Indien een gemeente besluit om bij verordening voorzieningen voor politieke ambtsdragers te regelen, is van belang dat in artikel 99 Gemeentewet is bepaald dat ’buiten hetgeen hun bij of krachtens de wet is toegekend’, de leden van de raad en/of door de raad ingestelde commissie (in de zin van artikel 82, 83 of 84 Gemeentewet) als zodanig geen andere vergoedingen en tegemoetkomingen ten laste van de gemeente ontvangen. Deze verordening vormt een (nadere) uitwerking van de bij of krachtens de wet toegekende vergoedingen en tegemoetkomingen.

De arbeidsverhoudingen en fiscale positie

Raadsleden en commissieleden hebben geen dienstbetrekking bij de gemeente. De gemeente is dus niet de werkgever. Dat betekent bijvoorbeeld dat zij voor zover het betreft het raadslidmaatschap niet vallen onder de werknemersverzekeringen zoals de Werkloosheidswet (WW), Ziektewet (ZW) en de Wet Werk en Inkomen naar Arbeidsvermogen (WIA).
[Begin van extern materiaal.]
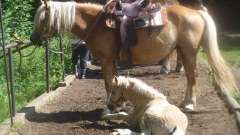 detske-tabory-sindibad-046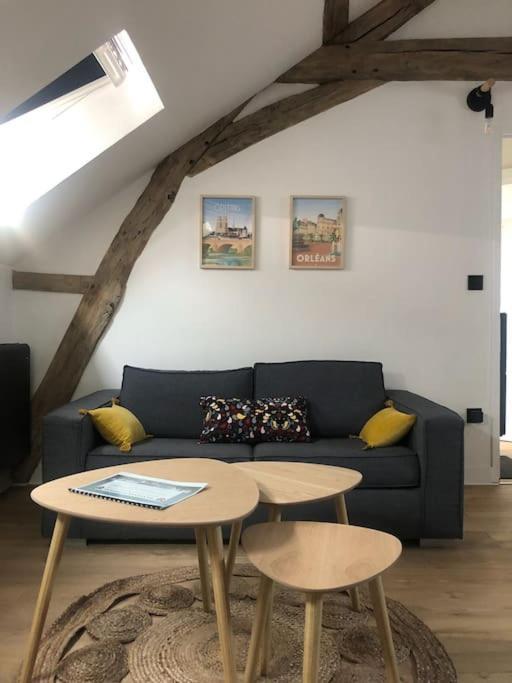 Apartament Le Domremy F2 Au Coeur D'Orlean Zewnętrze zdjęcie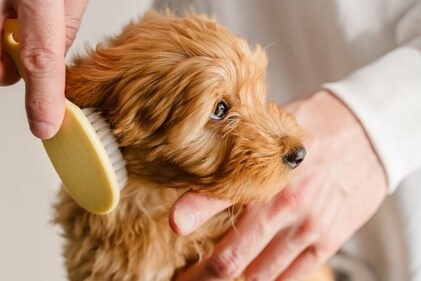 Brush dog fur to remove dirt. (Shutterstock) Brush dog fur to remove dirt. (Shutterstock)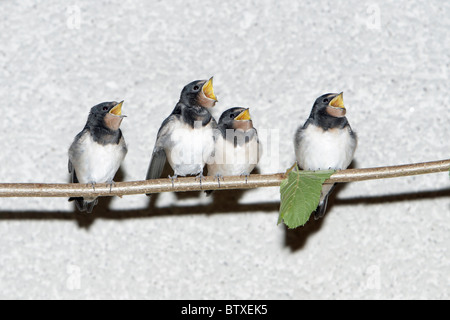 L'hirondelle rustique (Hirundo rustica), l'envol assis sur stick mendier de la nourriture, de l'Allemagne Banque D'Images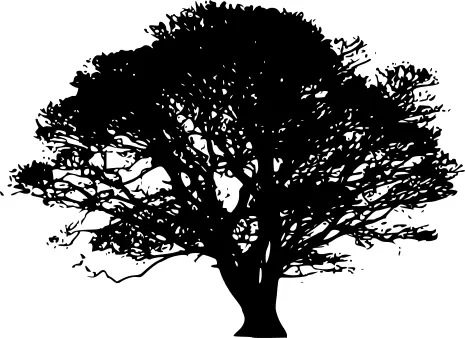 Silhouette of tree vector drawing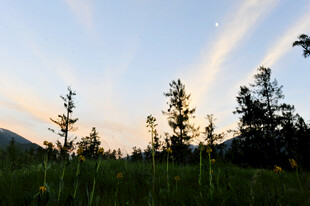 黄昏下的草地与树木景观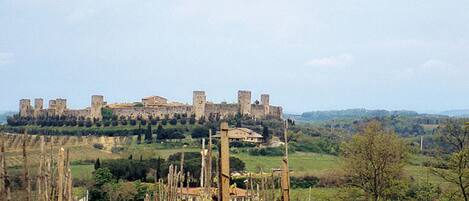 Un castello storico su una collina, con un vigneto in primo piano.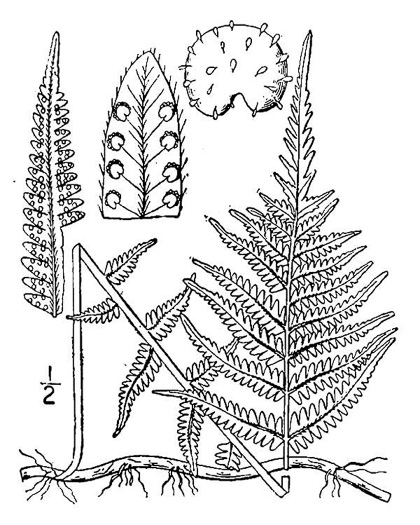image of Amauropelta noveboracensis, New York Fern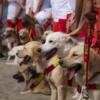 Nel week end 5 persone sottratte alle onde dai cani da salvataggio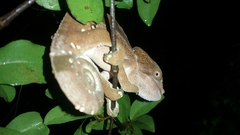 Chamaeleonidae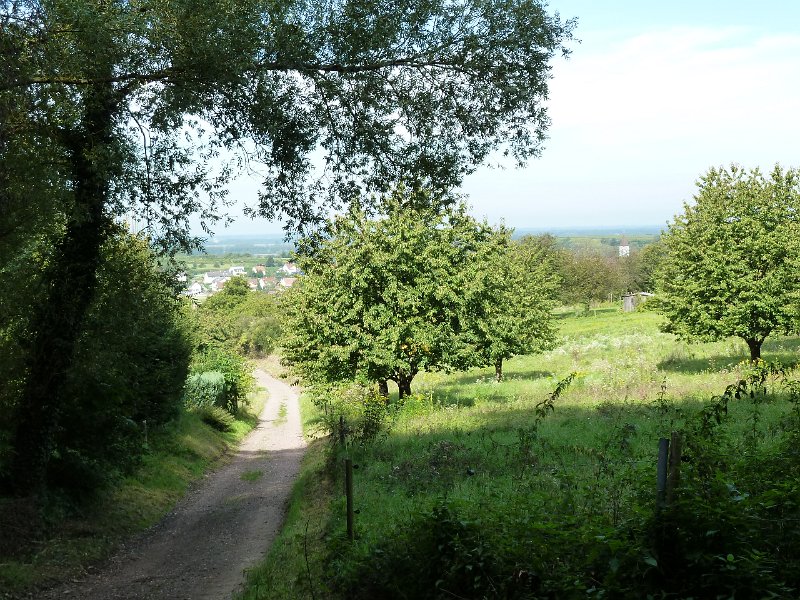 P1660192.JPG - Oberweier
Omdat er geen sprake is van een dienstbetrekking vallen raads- en burgerleden niet onder de Wet op de loonbelasting 1964 maar worden hun inkomsten belast in de Wet inkomstenbelasting 2001. Wel kunnen raadsleden opteren voor de loonbelasting als voorheffing door samen met de gemeente te kiezen voor het fictief werknemerschap, het zogenaamde opting-in. Het fictief werknemerschap kan worden aangevraagd met behulp van een opting-in verklaring bij de Belastingdienst.

Als de raadsleden en gemeente niet kiezen voor het fictief werknemerschap, dan geldt dat de onkostenvergoedingen en raadsvergoeding als inkomsten moeten worden verantwoord en mogen de (beroeps)kosten die worden gemaakt worden afgetrokken. Het resultaat zal het raadslid moeten verantwoorden in de aangifte inkomstenbelasting, onder de post inkomsten uit overige werkzaamheden. De gemeente dient jaarlijks alle betalingen en verstrekkingen voor de raads- en burgerleden, die niet als fictief werknemerschap te kwalificeren zijn op grond van deze verordening, aan de Belastingdienst door te geven middels een formulier IB-47. Omdat raads- en burgerleden op persoonlijke titel worden gekozen/benoemd, zijn zij niet aan te merken als (fiscaal) ondernemer. Er hoeft dan ook geen VAR-verklaring / Modelovereenkomst ZZP overgelegd te worden aan de gemeente.

De Algemene pensioenwet politieke ambtsdragers (Appa) is niet van toepassing op raads- en burgerleden.